### Provided data
+++
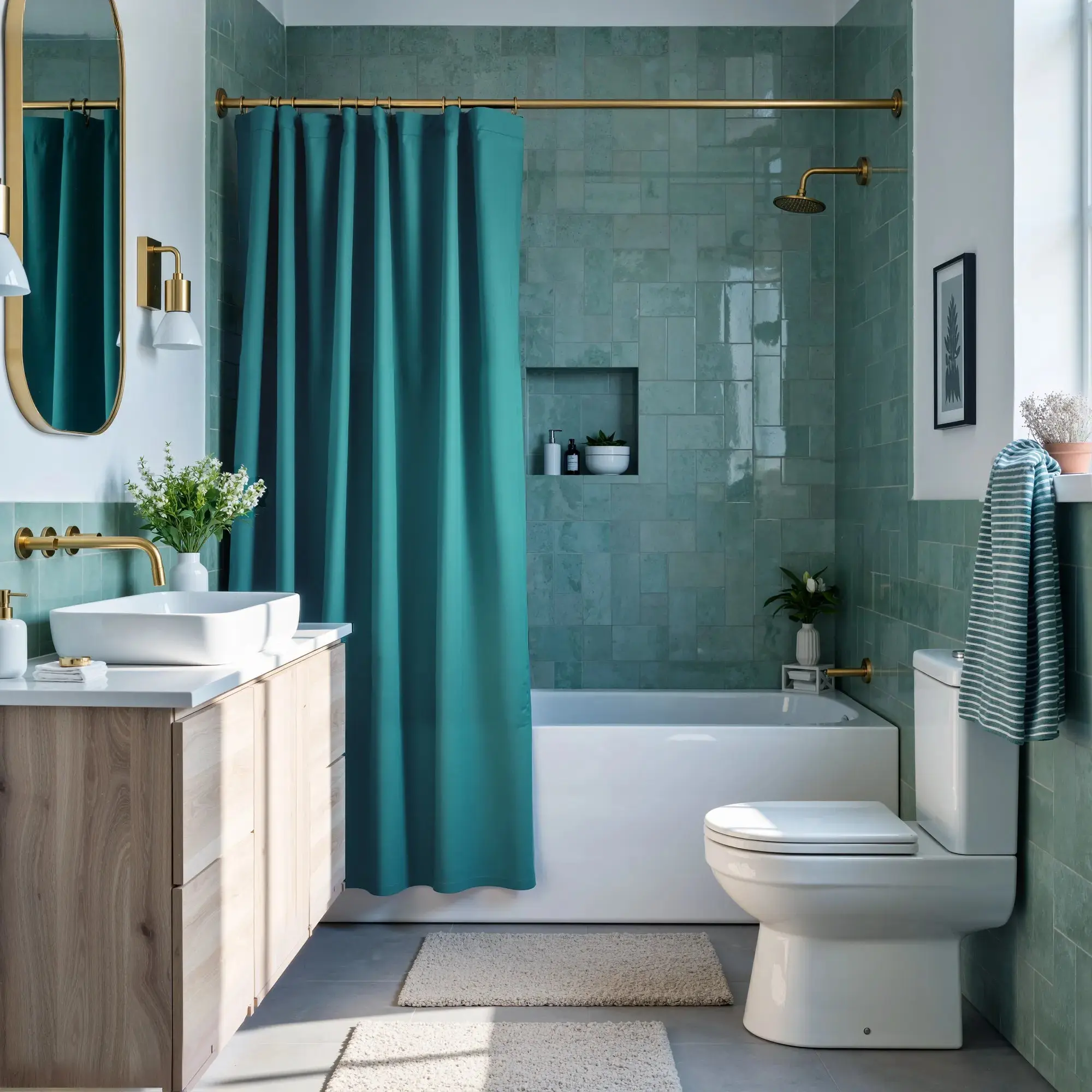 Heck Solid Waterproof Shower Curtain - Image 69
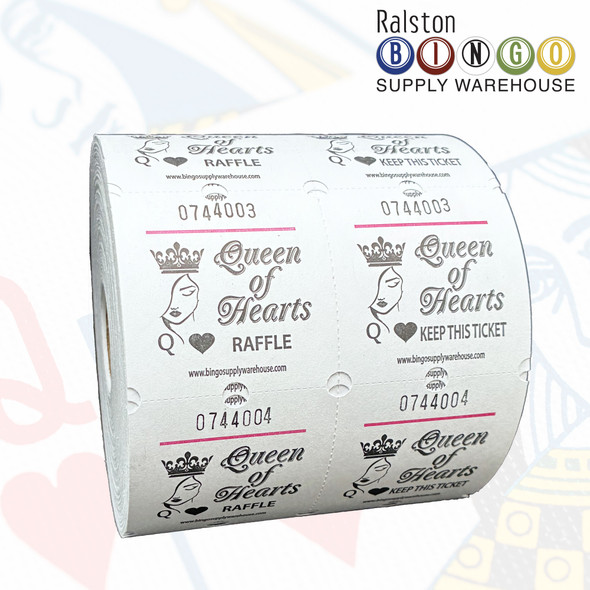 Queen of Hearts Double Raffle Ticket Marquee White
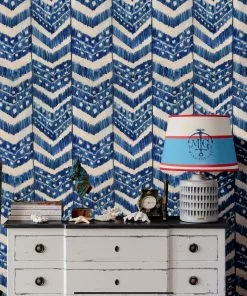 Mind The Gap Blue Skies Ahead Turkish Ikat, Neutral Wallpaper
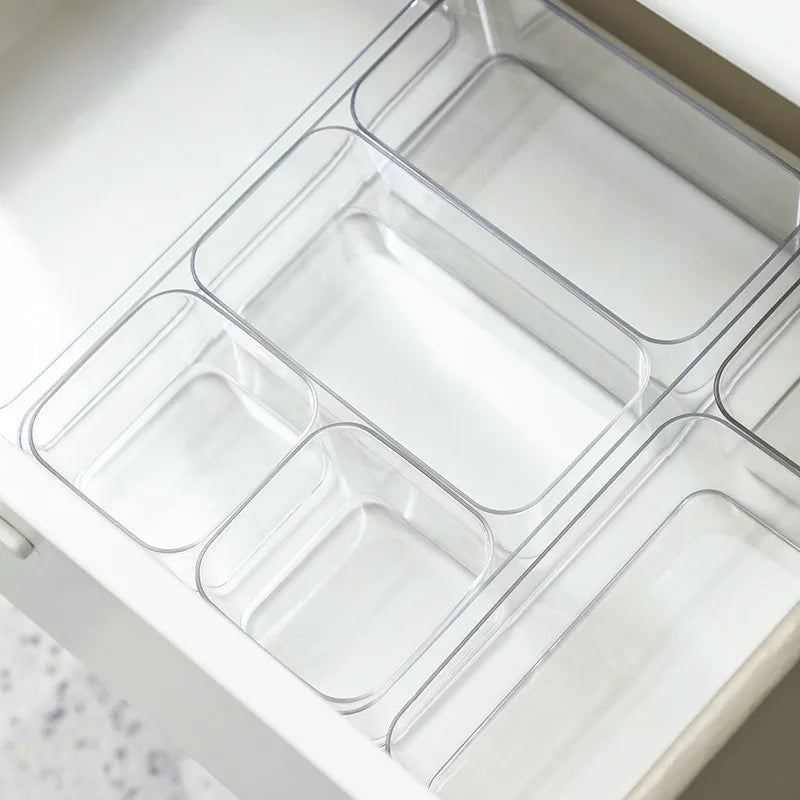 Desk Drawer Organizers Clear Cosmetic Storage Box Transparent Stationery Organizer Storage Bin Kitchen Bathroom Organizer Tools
+++
### Activity
An acceptable answer consists of the lines above from the one holding "Queen of Hearts" to the end of the data, repeated exactly and containing no pictures.

### Written answer
 Queen of Hearts Double Raffle Ticket Marquee White
 Mind The Gap Blue Skies Ahead Turkish Ikat, Neutral Wallpaper
 Desk Drawer Organizers Clear Cosmetic Storage Box Transparent Stationery Organizer Storage Bin Kitchen Bathroom Organizer Tools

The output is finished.